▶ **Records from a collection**
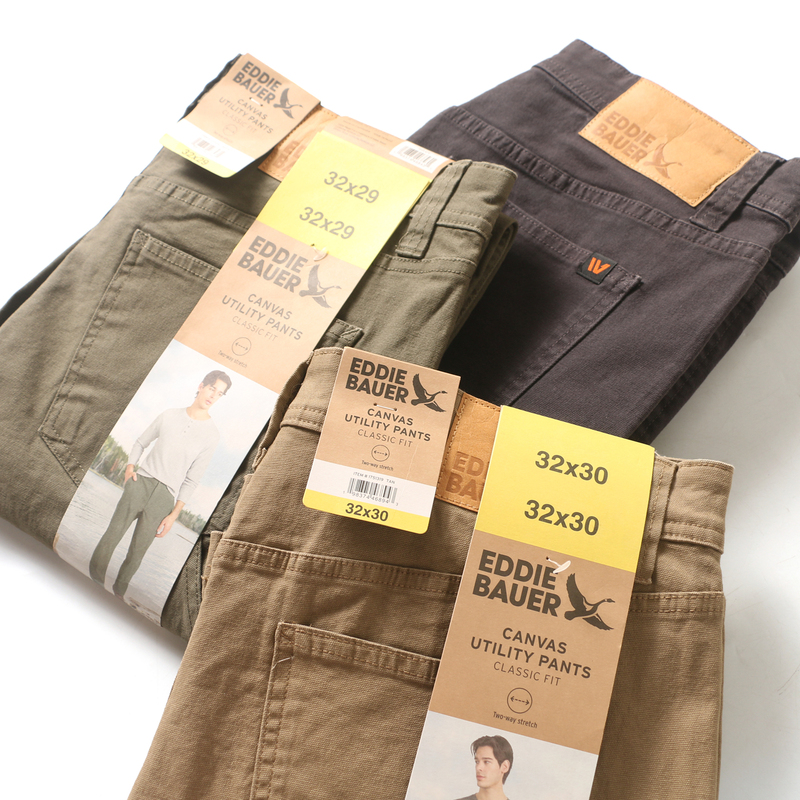 High-Quality Original Export American-Style Pants, Exquisite Craftsmanship, High-End Autumn and Winter Washed Cotton Twill Carpenter Casual Pants for Men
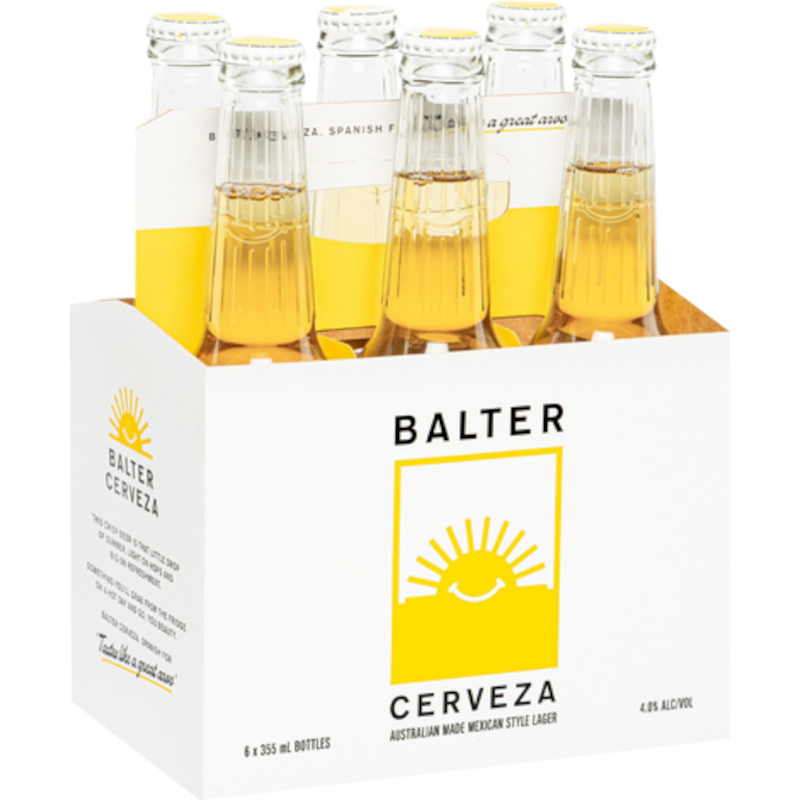 Balter Cerveza 4% 6x355B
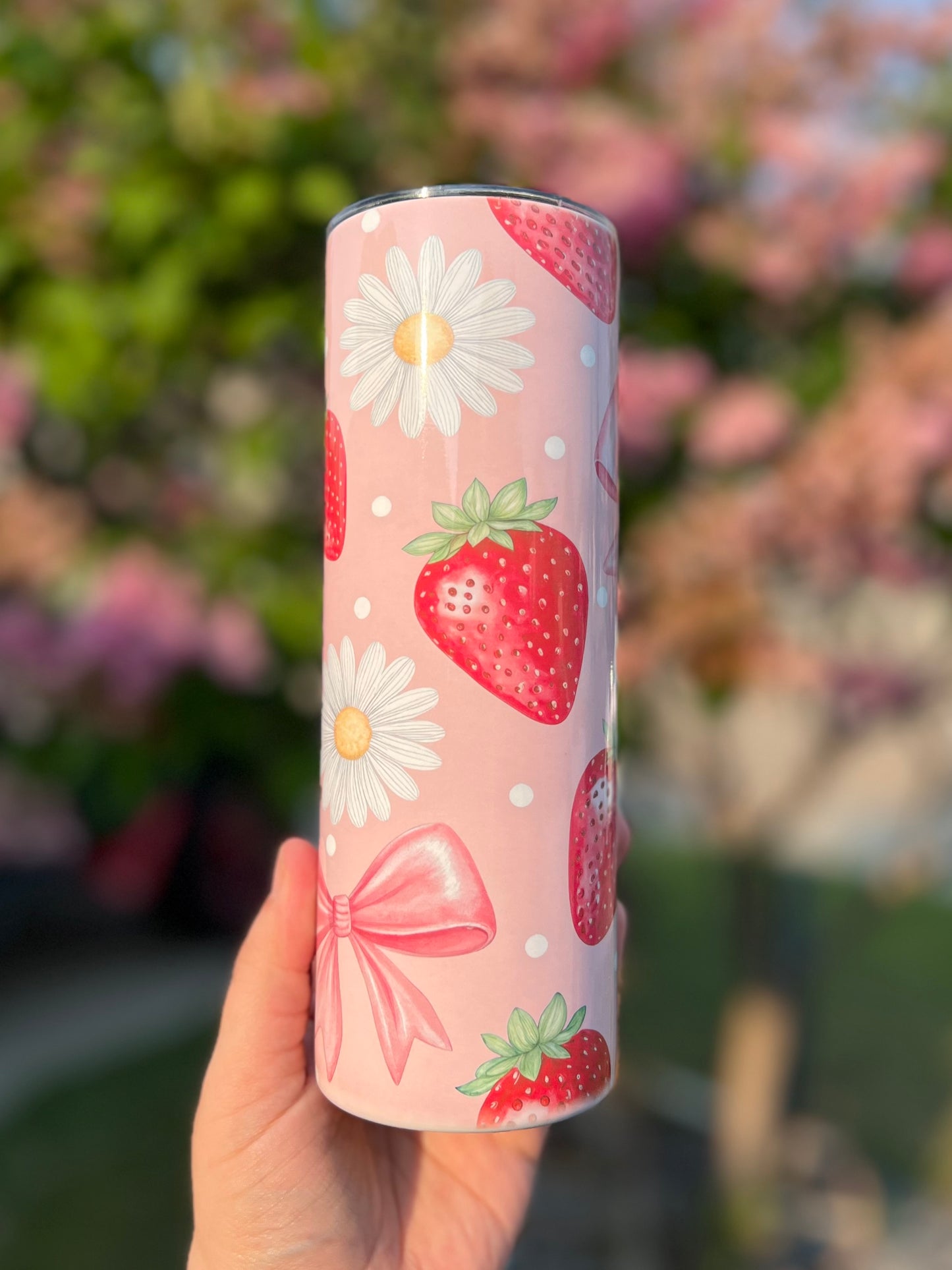 Strawberry Tumbler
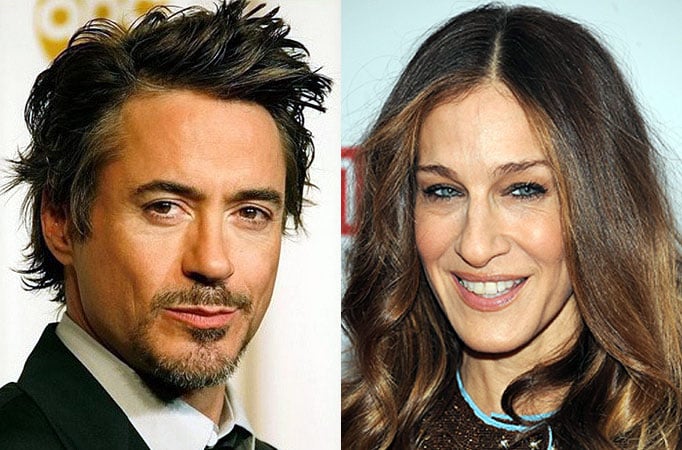 Downey Jr. reunites with Sarah Jessica 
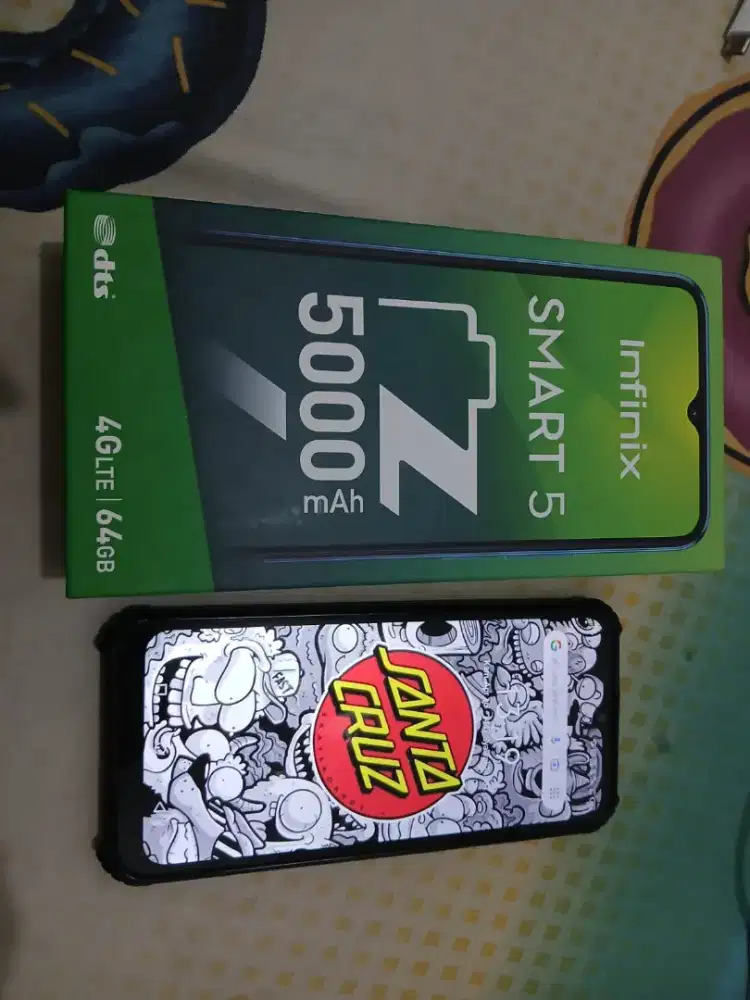 Infinix smart 5 ram 3/64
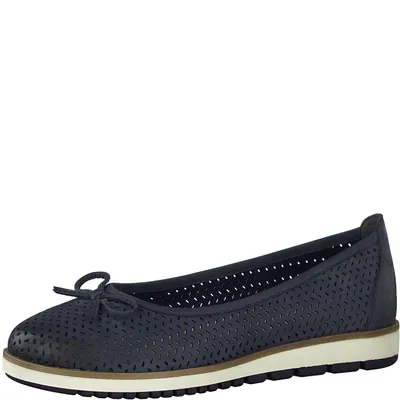 Produktbild von Tamaris Damen Ballerinas in Blau, Größe 37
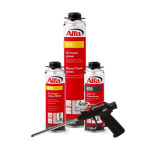 617 Alfa PROFI-Set (PU-Schaum, Pistole, Reiniger)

▶ **What the task asks**
Return the data exactly. Pictures stay out.

▶ **Task response**
 High-Quality Original Export American-Style Pants, Exquisite Craftsmanship, High-End Autumn and Winter Washed Cotton Twill Carpenter Casual Pants for Men
 Balter Cerveza 4% 6x355B
 Strawberry Tumbler
 Downey Jr. reunites with Sarah Jessica 
 Infinix smart 5 ram 3/64
 Produktbild von Tamaris Damen Ballerinas in Blau, Größe 37
 617 Alfa PROFI-Set (PU-Schaum, Pistole, Reiniger)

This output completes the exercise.